• _Task item_
Within the listing below, please copy exactly the lines between the line holding "before tummy tuck nasty" and the line holding "История создания электрокардиограммы", inclusive.

• _Source data_
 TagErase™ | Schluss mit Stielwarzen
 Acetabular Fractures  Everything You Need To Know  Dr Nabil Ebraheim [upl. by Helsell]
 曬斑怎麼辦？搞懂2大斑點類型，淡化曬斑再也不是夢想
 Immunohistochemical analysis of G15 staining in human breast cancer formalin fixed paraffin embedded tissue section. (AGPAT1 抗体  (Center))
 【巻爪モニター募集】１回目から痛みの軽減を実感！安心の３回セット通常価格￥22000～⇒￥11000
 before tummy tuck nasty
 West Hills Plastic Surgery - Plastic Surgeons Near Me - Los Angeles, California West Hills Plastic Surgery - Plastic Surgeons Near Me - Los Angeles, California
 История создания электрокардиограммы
* * *
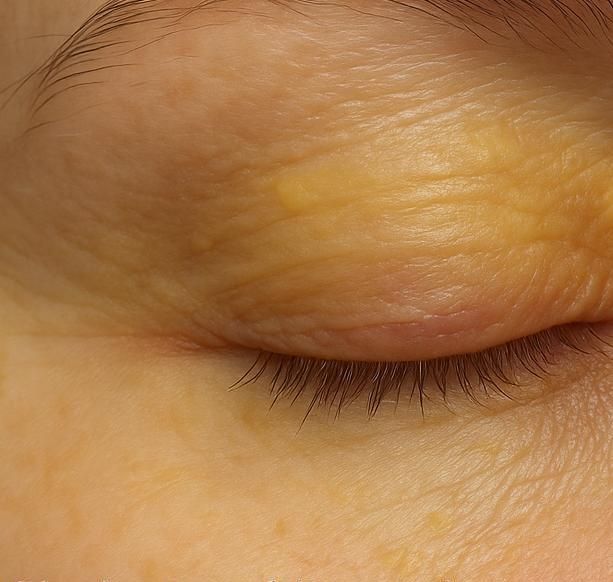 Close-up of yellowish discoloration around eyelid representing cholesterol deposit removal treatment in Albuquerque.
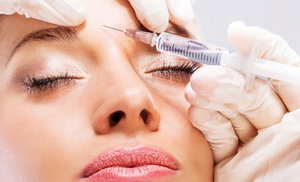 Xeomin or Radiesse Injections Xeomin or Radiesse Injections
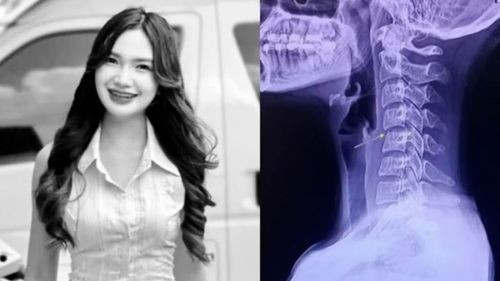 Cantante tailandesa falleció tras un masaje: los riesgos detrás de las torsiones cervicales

• _Expected answer_
 before tummy tuck nasty
 West Hills Plastic Surgery - Plastic Surgeons Near Me - Los Angeles, California West Hills Plastic Surgery - Plastic Surgeons Near Me - Los Angeles, California
 История создания электрокардиограммы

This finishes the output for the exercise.